1. Technology Assisted Review: More Than Predictive Coding
“Technology-assisted” review (or sometimes referred to as “computer-assisted” review) describes the integration of technology into the process of human document review. Although sometimes predictive coding and technology-assisted review are used interchangeably, predictive coding is actually just one manifestation of review that is assisted by technology. Technically, even keyword search terms could be cleverly deployed into a technology-assisted review workflow. But technology-assisted review also includes tools that identify near-duplicate documents and latest-in-thread emails. Sometimes the term “advanced analytics” is used for some or all of these tools as well.

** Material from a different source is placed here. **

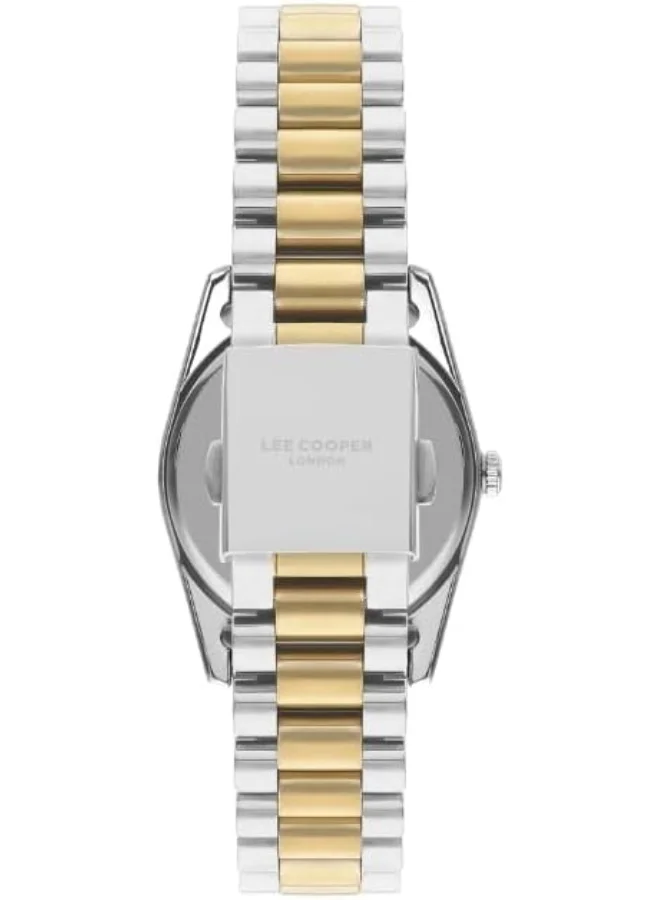 Lee Cooper Lee Cooper Women's 2035 Movement Watch, Analog Display and Metal Strap - LC07825.220, Silver/Gold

2. Seed Set: The Reference for Relevance
In predictive coding workflows, a seed set is a sample of the document universe. This sample set of documents is reviewed by subject matter experts. The determinations made on the seed set comprise the primary reference data to teach the predictive coding machine how to recognize patterns of relevance in the larger document set. Based on the calls made in the documents in the seed set, the computer will be able to predict categorizations for the remaining documents in the larger universe.
Different service providers take different approaches to the seed sets. Some believe that the most representative seed set is a completely randomized sample, constructed without regard to specific fact issues or other knowledge about the documents. Other technology providers take the approach that focuses the machine learning on specific concepts highlighted by the subject matter experts and assembled using criteria from metadata or search term results. Still other providers will take a hybridized approach, employing both. There is debate as to which approach is superior, and the different approaches often are best suited for different technologies.
If predictive coding is being used for other determinations outside of general relevance, like responsiveness to specific issues or assertions of attorney-client privilege, more seed sets may be required. Some tools are capable of learning multiple topics as applied to a single document in the seed set, while other tools require multiple sets.
The important thing to know about seed sets is that they are how the computer learns. It is critical that a seed set is representative and reflects expert determinations.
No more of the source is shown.